Three months later, McKee is on the road to recovery, but far from the end of that road. Due to swelling, the piece of bone from his nose has still not been removed from his brain, and doctors are hoping to be able to repair that by January. He still suffers from seizures, memory loss, and his balance, sometimes falling down.
Although he can’t work yet, he still dresses the part, and goes to the garage everyday from his home next door. He wants his customers to know he is still there. For the first two months, his workers would help him walk over, so he would not fall down.
“I thought I had taken all the right moves… I had insurance,” he said. “Because I’m self-employed, I don’t get worker’s compensation. But I’ve been fighting with the insurance companies, and it hasn’t been good.”
He has watched his business go from bringing in $10-15,000 worth of business each week to $1,000. Meanwhile, one of his two workers had a recent heart attack, and is off work indefinitely.
“My parents wanted me to shut the place down, but I said, when I’m better, all of my customers will have gone elsewhere,” said McKee. “I’d rather lose money than lose everybody.”
His struggles did not go unnoticed by the community.
“I had been in on a few different occasions and noticed that he was not well,” said Siddall. “He looked like he needed to rest, but was working to pay the bills. We felt if we could raise him some money to help, even if it only covered the cost of bills for one month, it would give him much needed rest and lower the stress level for him.”
At first, McKee had resisted the idea of a benefit. But when community members saw him suffer one of his seizures first hand, they told him they were going to do it with or without his permission.
One by one, they told him how he had helped them out in the past. There was the person he gave gasoline to when they had no money. Another who couldn’t afford their repair bill, and he told them they could pay later. Yet another whose house had burned down, and he collected money for them.
“At every community event to raise money, Scott is always there helping where he can,” said Siddall.

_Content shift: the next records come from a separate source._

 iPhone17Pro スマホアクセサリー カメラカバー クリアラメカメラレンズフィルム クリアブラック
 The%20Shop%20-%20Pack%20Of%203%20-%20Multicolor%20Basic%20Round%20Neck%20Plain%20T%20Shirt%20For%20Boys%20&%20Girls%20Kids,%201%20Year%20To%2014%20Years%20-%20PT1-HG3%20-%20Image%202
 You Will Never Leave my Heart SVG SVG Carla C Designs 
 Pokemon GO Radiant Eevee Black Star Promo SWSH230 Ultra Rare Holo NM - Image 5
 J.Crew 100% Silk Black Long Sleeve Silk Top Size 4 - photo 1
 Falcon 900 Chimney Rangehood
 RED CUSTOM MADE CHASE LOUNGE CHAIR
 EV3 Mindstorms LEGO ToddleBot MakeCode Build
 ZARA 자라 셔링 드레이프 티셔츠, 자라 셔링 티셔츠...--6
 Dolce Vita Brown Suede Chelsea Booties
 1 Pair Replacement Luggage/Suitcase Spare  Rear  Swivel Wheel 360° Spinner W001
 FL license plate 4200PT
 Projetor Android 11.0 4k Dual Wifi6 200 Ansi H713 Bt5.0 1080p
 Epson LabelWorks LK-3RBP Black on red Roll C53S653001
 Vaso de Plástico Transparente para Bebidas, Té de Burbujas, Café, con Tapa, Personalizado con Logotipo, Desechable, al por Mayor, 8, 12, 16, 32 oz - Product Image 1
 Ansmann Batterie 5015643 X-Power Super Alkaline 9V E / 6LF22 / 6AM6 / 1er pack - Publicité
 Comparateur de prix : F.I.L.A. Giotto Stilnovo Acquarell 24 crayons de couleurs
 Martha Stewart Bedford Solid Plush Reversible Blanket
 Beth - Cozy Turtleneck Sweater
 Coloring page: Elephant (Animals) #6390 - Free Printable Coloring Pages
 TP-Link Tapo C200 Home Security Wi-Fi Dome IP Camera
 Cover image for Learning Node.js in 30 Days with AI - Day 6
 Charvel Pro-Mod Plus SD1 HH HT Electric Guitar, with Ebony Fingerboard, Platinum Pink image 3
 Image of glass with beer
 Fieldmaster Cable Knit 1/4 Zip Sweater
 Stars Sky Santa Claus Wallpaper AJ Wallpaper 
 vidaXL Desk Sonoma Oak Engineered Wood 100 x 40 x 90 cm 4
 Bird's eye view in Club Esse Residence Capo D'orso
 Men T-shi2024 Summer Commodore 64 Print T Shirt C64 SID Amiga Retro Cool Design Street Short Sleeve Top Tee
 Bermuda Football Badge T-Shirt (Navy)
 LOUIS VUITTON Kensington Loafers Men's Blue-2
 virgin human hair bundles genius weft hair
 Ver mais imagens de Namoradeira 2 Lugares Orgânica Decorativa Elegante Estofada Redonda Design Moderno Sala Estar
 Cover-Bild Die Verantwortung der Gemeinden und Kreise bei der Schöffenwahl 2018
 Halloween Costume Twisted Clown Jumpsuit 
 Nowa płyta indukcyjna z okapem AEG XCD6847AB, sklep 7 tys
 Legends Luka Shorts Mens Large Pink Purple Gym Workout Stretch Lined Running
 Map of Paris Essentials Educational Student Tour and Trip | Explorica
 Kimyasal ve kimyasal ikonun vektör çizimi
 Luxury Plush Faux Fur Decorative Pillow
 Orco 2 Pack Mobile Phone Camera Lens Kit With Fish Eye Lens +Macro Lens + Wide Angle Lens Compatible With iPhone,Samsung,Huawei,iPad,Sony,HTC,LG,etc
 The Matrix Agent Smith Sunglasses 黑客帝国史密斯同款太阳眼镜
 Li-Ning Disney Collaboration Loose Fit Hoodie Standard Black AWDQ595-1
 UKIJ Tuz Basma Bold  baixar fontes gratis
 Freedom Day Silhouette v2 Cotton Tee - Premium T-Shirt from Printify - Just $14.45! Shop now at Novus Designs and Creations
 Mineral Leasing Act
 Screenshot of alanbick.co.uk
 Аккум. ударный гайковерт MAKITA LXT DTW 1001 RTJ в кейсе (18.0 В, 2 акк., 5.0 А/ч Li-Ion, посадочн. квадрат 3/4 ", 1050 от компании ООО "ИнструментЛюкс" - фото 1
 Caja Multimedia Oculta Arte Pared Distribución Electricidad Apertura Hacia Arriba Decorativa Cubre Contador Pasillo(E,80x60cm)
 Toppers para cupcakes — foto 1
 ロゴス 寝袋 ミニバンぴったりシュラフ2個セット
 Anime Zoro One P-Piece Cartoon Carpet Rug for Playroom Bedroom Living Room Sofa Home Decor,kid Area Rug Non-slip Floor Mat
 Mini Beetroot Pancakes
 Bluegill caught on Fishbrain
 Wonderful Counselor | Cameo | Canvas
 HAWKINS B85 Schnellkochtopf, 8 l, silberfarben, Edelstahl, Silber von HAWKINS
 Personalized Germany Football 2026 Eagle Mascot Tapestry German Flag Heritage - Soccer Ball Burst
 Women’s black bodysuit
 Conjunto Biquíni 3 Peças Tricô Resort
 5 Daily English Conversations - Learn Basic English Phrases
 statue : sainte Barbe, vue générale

With that in mind, he contacted local musician Mike Fisher to see if he would play at a benefit dance. Fisher, one of many who had been helped by McKee in the past, was all too happy to do it. Casey Hamel and Hannah Siddall also agreed to play, and many others stepped forward to ask how they could help.
At the end of the night, more than $7,000 was raised.
McKee, who was not able to attend the event because noise and motion can cause seizures for him, said the money would help him keep his shop open. He explained that his initial refusal of the help was just a matter of pride.
“It was embarrassing at first, but it’s humbling now,” he said. “I really appreciate it.”
It showed Siddall how everyone from all over will come together to help those in need.
“It’s one of the reasons I love living in an area like this one,” he said. “If you are good to the people, the people will be good to you.”